→ Data section:
======

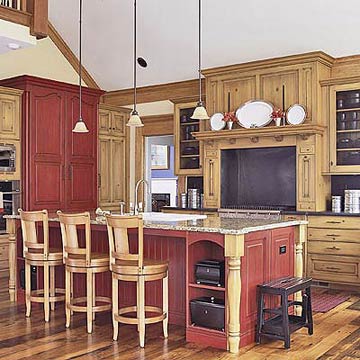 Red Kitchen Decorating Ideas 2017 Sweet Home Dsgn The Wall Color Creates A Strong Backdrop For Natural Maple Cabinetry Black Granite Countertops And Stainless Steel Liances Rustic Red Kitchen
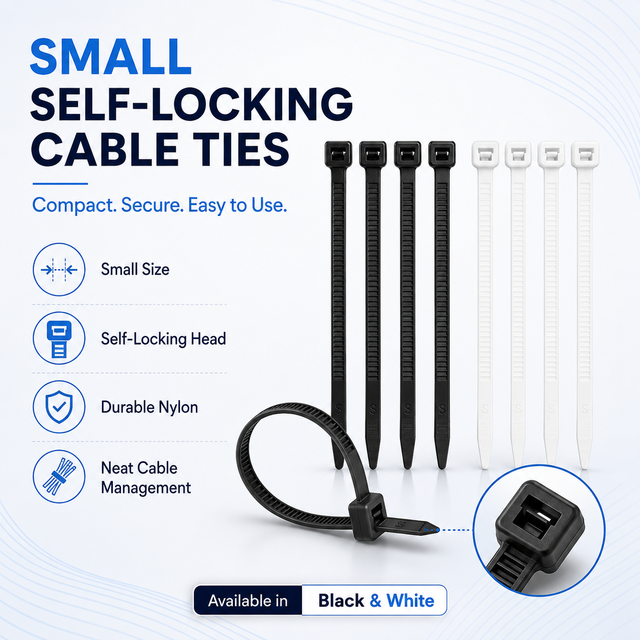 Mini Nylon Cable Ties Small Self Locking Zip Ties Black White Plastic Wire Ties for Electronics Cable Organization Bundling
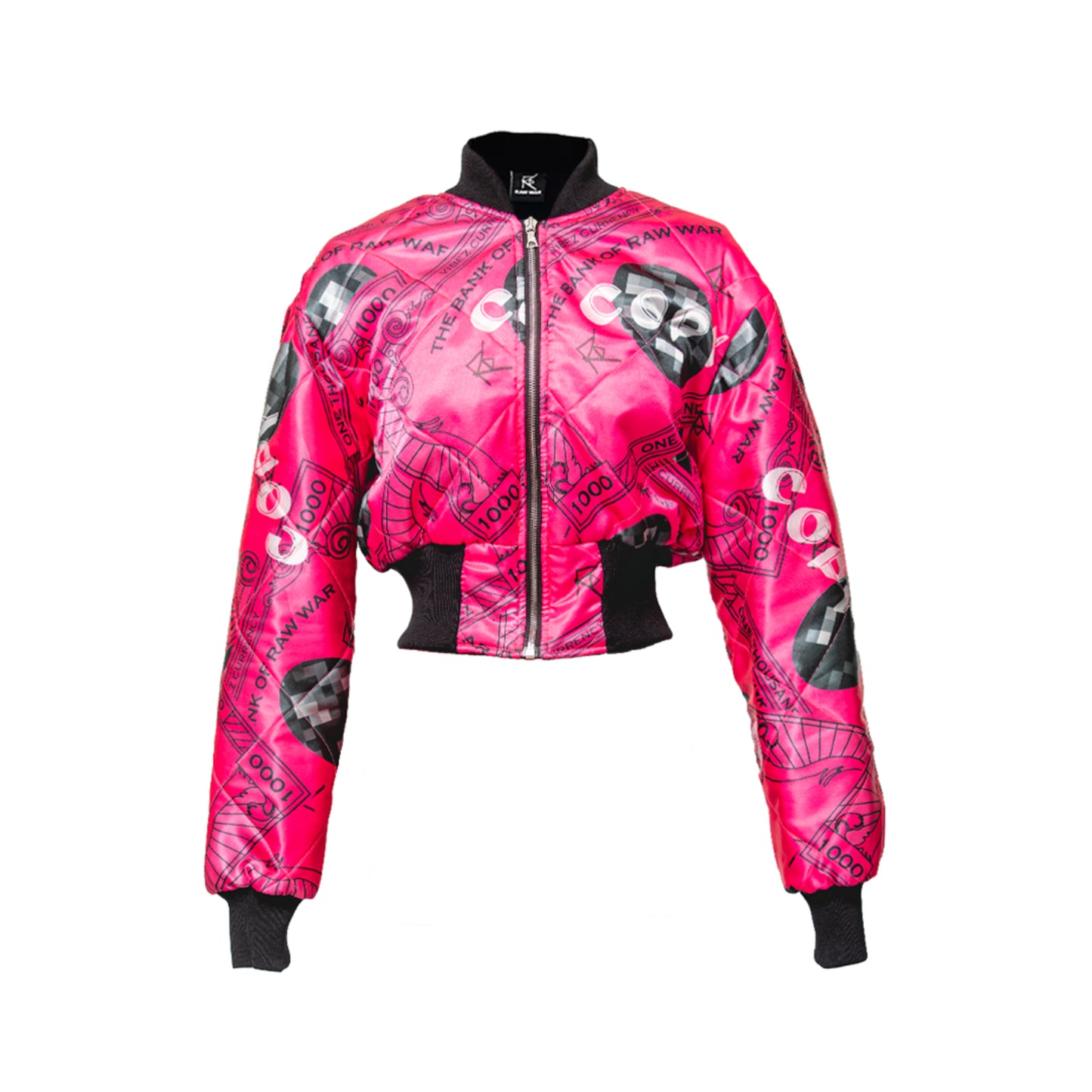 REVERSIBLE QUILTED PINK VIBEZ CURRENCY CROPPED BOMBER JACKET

======

→ Activity:
All of the lines above should be copied exactly, apart from the pictures.

→ Task response:
 Red Kitchen Decorating Ideas 2017 Sweet Home Dsgn The Wall Color Creates A Strong Backdrop For Natural Maple Cabinetry Black Granite Countertops And Stainless Steel Liances Rustic Red Kitchen
 Mini Nylon Cable Ties Small Self Locking Zip Ties Black White Plastic Wire Ties for Electronics Cable Organization Bundling
 REVERSIBLE QUILTED PINK VIBEZ CURRENCY CROPPED BOMBER JACKET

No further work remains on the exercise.